The H1 and H2 tap coefficients as well as an offset-cancellation current at the integrator outputs are tuned via on-chip thermometer-coded DACs with 4b resolution (programmed through a serial interface). The half-rate clocks are derived from an external full-rate clock via an on-chip divide-by-2 circuit. The prototype DFE is implemented in a 90nm bulk CMOS technology; a die micrograph with layouts of all major blocks superimposed can be seen in Fig. 12.5.7. The area of the DFE core (integrators, latches, clock buffers) is  $85 \times 65 \mu m^2$ , while the total DFE area is  $290 \times 65 \mu m^2$ , (dominated by DC biasing and DAC circuitry with non-optimized layouts).

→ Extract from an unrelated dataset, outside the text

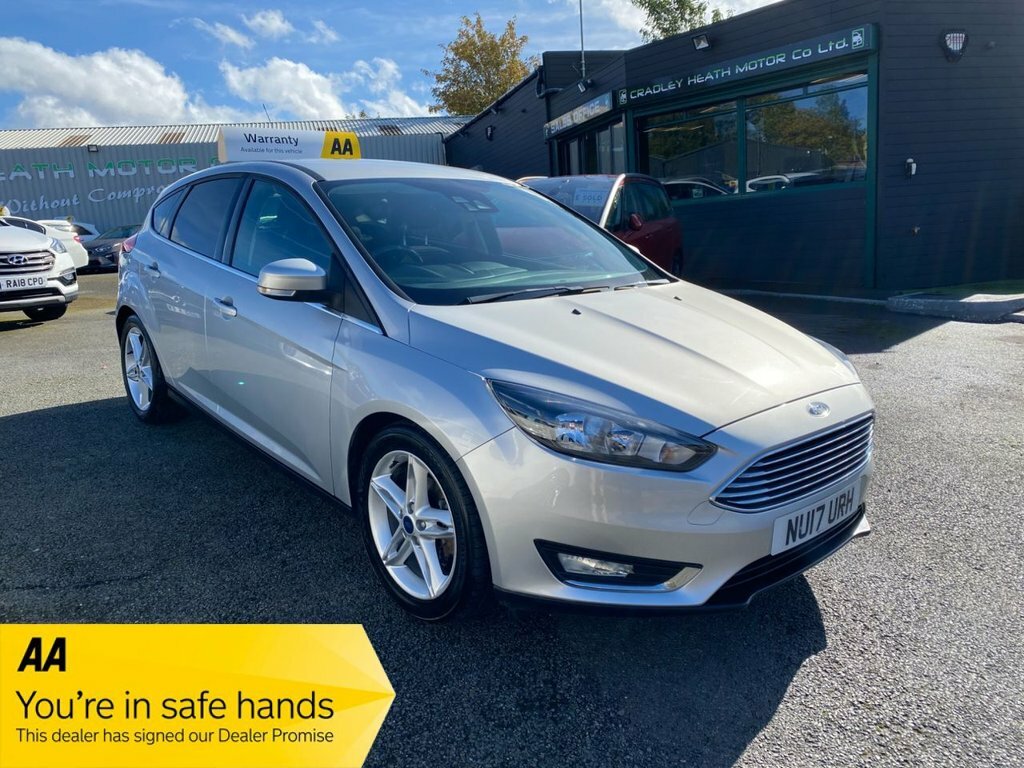 Ford Focus 1.5L Titanium Silver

To evaluate the inherent speed and equalization capability of the DFE, the prototype is tested with data transferred over a low-loss SMA cable (easy channel) and over a 16-inch Tyco channel with high levels of reflections and attenuation (hard channel). The DFE has an input sensitivity of  $63 \text{mV}_{\text{pp}}$  differential at 7Gb/s and achieves a peak speed of 8Gb/s over the easy channel (SMA cable). The speed is limited by degraded clock amplitudes, that are most likely due to parasitic capacitances that are higher than had been assumed in pre-extracted simulations. Evidence of this limitation is provided by increasing the clock driver bias, which resulted in higher-speed operation.

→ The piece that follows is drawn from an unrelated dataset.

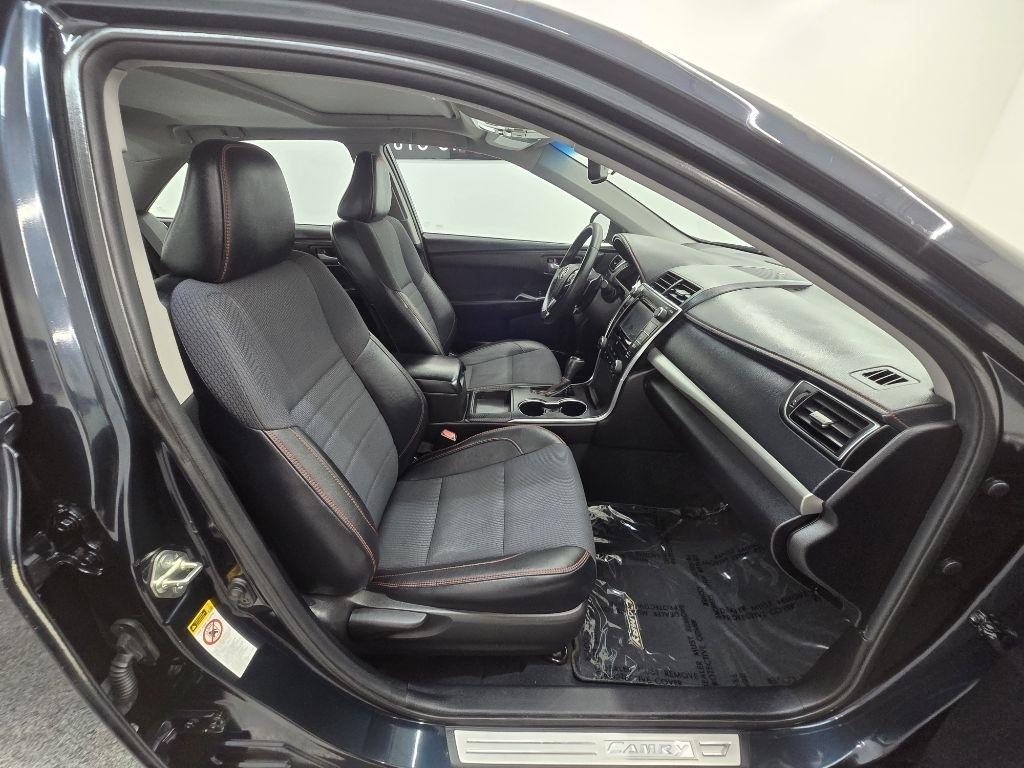 Toyota Camry XLE 2016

An S-parameter plot of the Tyco channel is shown in Fig. 12.5.4; the channel loss is 12dB at 3GHz and 15dB at 3.5GHz. With a 7Gb/s PRBS-7 pattern, the input-data eye is closed, but the DFE can equalize the channel with a 45% horizontal eve opening while achieving error-free operation (BER  $< 10^{-13}$ ) at eye center. The regenerated data and clock output waveforms at 7Gb/s as well as a bathtub curve detailing the eye opening as a function of BER are shown in Fig. 12.5.5. With a more complex PRBS-31 pattern (producing more severe combinations of ISI), the DFE can equalize the Tyco channel up to 6Gb/s, with 18% horizontal eye opening. A summary of measured results is shown in Fig. 12.5.6. The weak dependence of power dissipation on data rate indicates that the receiver power is dominated by the fixed-current CML stages and not the variable-current integration stages. When equalizing the Tyco channel at 7Gb/s, the DFE consumes 9.3mW from a 1V supply. Together, the 4 integrators draw <700µA, which illustrates the power savings achieved with current integration on parasitics. For sake of comparison, these integrators consume over an order of magnitude less power than the resistively loaded summers used in [2]. Even if the number of taps were increased to 5, to match that in [2], most of the power savings would remain.

## Acknowledgments:

This work was supported by MPO contract H98230-04-C-0920.

## References:

[1] S. Bae, H. Chi, Y. Sohn, et al., "A 2 Gb/s 2-Tap DFE Receiver for Mult-Drop Single-Ended Signaling Systems with Reduced Noise," *ISSCC Dig. Tech. Papers*, pp. 244-245, Feb., 2004.

[2] T. Beukema, M. Sorna, K. Selander, et al., "A 6.4 Gb/s CMOS SerDes Core with Feedforward and Decision-Feedback Equalization," *IEEE J. Solid-State Circuits*, pp. 2633-2645, Dec., 2005.